Der Gouverneur der Fed, Christopher Waller, sprach letzte Woche von einer "boomenden" Wirtschaft. Das Wachstum des Bruttoinlandsprodukts könnte im dritten Quartal eine jährliche Rate von 4% erreichen.

Das ist mehr als das Doppelte der "potenziellen" Wachstumsrate, die die Fed als vereinbar mit ihrem Inflationsziel von 2% ansieht und die als Maßstab dafür dient, wie stark sich die Wirtschaft nach ihrer Ansicht verlangsamen muss, um die Preisstabilität wiederzuerlangen.

Waller stellte zwar fest, dass die Inflation ebenfalls rückläufig zu sein scheint, doch sprach er vor der Veröffentlichung der Verbraucherpreisdaten für September, die die Diskussion erschwerten.

Die zugrunde liegende "Kerninflation" hat sich zwar verlangsamt, aber andere Details waren nicht so beruhigend, darunter ein starker Anstieg der Wohnungsinflation, der der Erwartung der Fed, dass der Druck auf die Wohnkosten nachlässt, zuwiderläuft, und ein größerer Anstieg in Teilen des Dienstleistungssektors, in denen die Politiker befürchten, dass die Inflation am stärksten verankert ist.

Powell wird sich dazu äußern müssen, ob dies seinen Glauben an eine anhaltende "Disinflation" erschüttert hat. Die anhaltende Stärke der Wirtschaft lässt einige Analysten sagen, dass dies der Fall sein sollte.

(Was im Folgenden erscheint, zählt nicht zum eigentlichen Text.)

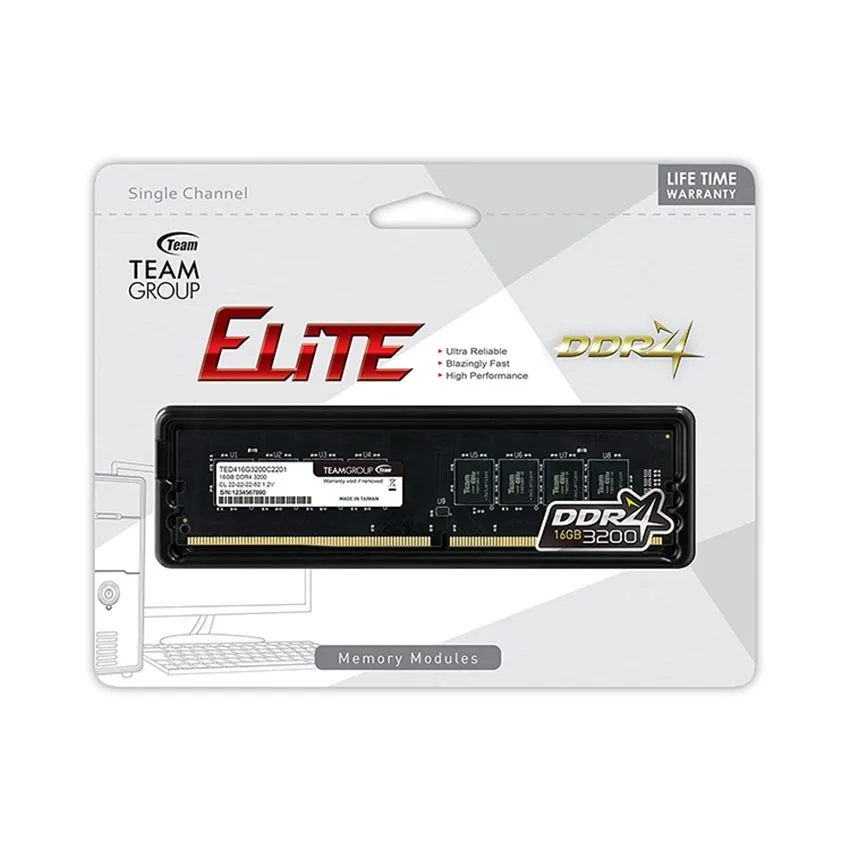 Модуль пам`яті DDR4 16GB/3200 Team Elite (TED416G3200C2201) - мініатюра 3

Die Daten für September "stützen nicht das Narrativ der Fed, dass die Disinflation weiter voranschreiten wird ... selbst wenn die Wirtschaft weiter wächst und die Arbeitslosigkeit niedrig bleibt", sagte Steven Blitz, Chefvolkswirt für die USA bei TS Lombard, und argumentierte, dass die Wirtschaft Mitte des Jahres einen "aufkeimenden Aufschwung" erlebte, der "auch die Disinflation umzukehren beginnt".

"Vorausgesetzt, die Wirtschaft wächst weiter, wird die Fed die Zinsen wieder erhöhen", sagte Blitz. "Ob die Wirtschaft anhält ... ist eine andere Geschichte."